17. The Foreign Function Interface

This chapter describes the Foreign Function Interface (FFI) classes and methods, and how you can use them to build and interface to an existing C library.

Overview of the Foreign Function Interface
The purpose and use of the FFI.

FFI Core Classes
Describes the FFI related classes and data types.

FFI Wrapper Utilities
Instructions for using FFI utilities to define FFI classes for your library.

17.1 Overview of the Foreign Function Interface

For certain applications, you may need to provide functionality that is not readily available within GemStone Smalltalk. Such functionality might include interactions with third-party products such as these:

Access to hardware, such as a bar code reader
Access to software that provides a service, such as the zlib compression library
Data encryption
Screen graphics
Interaction with Oracle, mySQL, or other databases

To interact with third-party products such as these, you can use the FFI to make C library calls from within GemStone Smalltalk. Using the FFI, you can access C functions in external libraries without the need to write UserActions.

NOTE
With UserActions, your code is checked against function prototypes of the external library that you’re calling. With the FFI, no such checking takes place.

17.2 FFI Core Classes

The core FFI defines six classes: CLibrary, CFunction, CPointer, CByteArray, CCallout, and CCallin.

CLibrary

An instance of CLibrary corresponds to a C compiled library. Instances of CLibrary are created using:

CLibrary class >> named:libraryName

passing in the path and name of the C shared library to be loaded. The platform-specific extension (such as .so) is optional.

CCallout

Individual functions within a CLibrary are represented by instances of CCallout. To create a CCallout, the following class methods are available:

library: aCLibrary name: aName result: resType args: argumentTypes

library: aCLibrary name: aName result: resType args: argumentTypes
varArgsAfter: varArgsAfter

name: aName result: resType args: argumentTypes

name: aName result: resType args: argumentTypes varArgsAfter: varArgsAfter

aCLibrary may be an instance of CLibrary, an Array of CLibraries, or nil. Passing nil for aCLibrary will cause search of the loaded libraries for a function of this name. aName is a String providing the name of the specific function. resType is the return type of the function, and argumentTypes is an array of zero or more symbols describing the types of the argument for this function.

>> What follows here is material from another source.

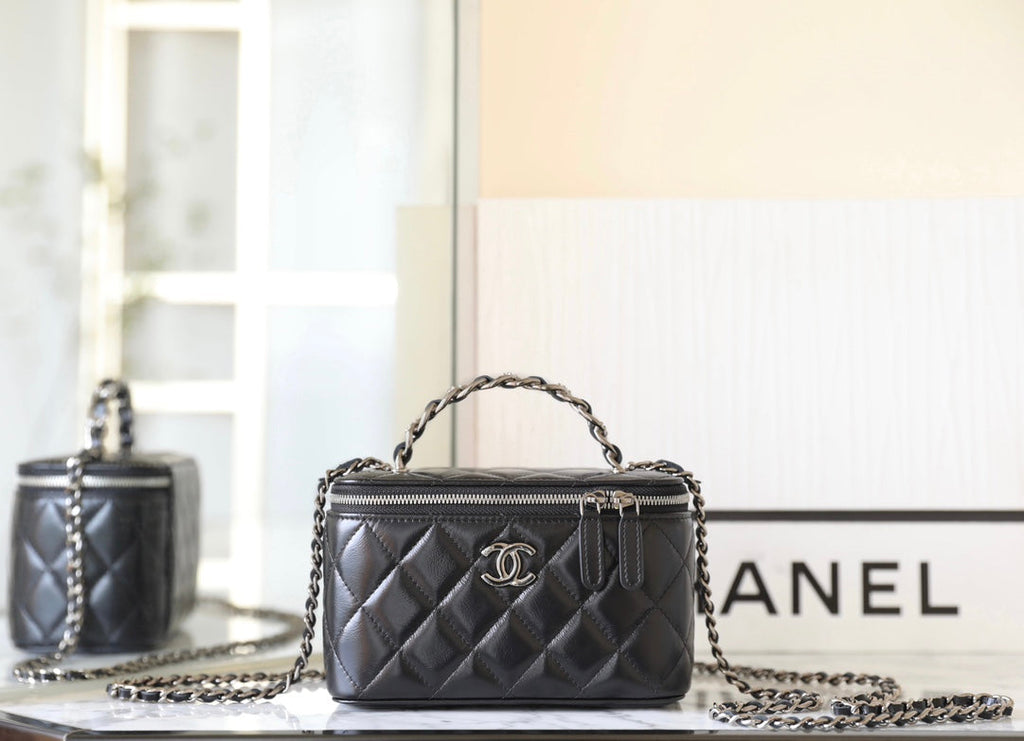 CHANEL VANITY CASE 17 BLACK LAMBSKIN SILVER HARDWARE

varArgsAfter is -1 if the number of arguments to the function is fixed. If the function prototype ends with an ellipsis (‘...’), indicating that the function takes a variable number of arguments, then varArgsAfter indicates the one-based index of the last fixed argument. (If varArgsAfter is 0, there are no fixed arguments.)

The following instance method is used to invoke the function described by the instance of CCallout:

callWith: argsArray

To get the value of the C global variable errno that was saved by the most recent call to callWith:, use the CCallout class method:

errno

C type symbols

Table 17.1 lists the symbols used for creating resType (result type) and argumentTypes arguments when creating CCallouts.

Table 17.1 C Type
	Return type	Argument type
#int64	Integer. The C function returns an int64.	Integer
#uint64	Integer. The C function returns a uint64.	Integer
#int32	Integer. The C function returns a signed C integer 32 bits.	Integer
#uint32	Integer. The C function returns an unsigned C integer, 32 bits or smaller.	Integer
#int16	Integer	Integer
#uint16	Integer	Integer
#int8	Integer	Integer
#uint8	Integer	Integer
#double	SmallDouble or Float. The C function returns a C double.	SmallDouble or Float; and the function is limited to a maximum of four arguments.
#float	SmallDouble or Float. The C function returns a C float.	SmallDouble or Float
#'char*'	nil or a String	The corresponding arg must be a String. The body is copied to C memory before call and copied from C memory (and possible grown/shrunk) after call. C memory will not be valid after the call finishes.
#void	nil
#ptr	nil or a CPointer	The corresponding arg must be nil, a CByteArray or a CPointer. If nil, a C NULL is passed. If CByteArray, address of body is passed. If CPointer, the encapsulated pointer is passed.
#'&ptr'		The corresponding arg must be a CPointer. The CPointer’s value will be passed and updated on return.
#'&int64'		The corresponding arg must be a CByteArray of size 8. A pointer to body will be passed.
#'&double'		The corresponding arg must be a CByteArray of size 8. A pointer to body will be passed.
#'const char*'		The corresponding arg must be nil (to pass NULL) or a String (body is copied to C memory before call) C memory will not be valid after the call finishes.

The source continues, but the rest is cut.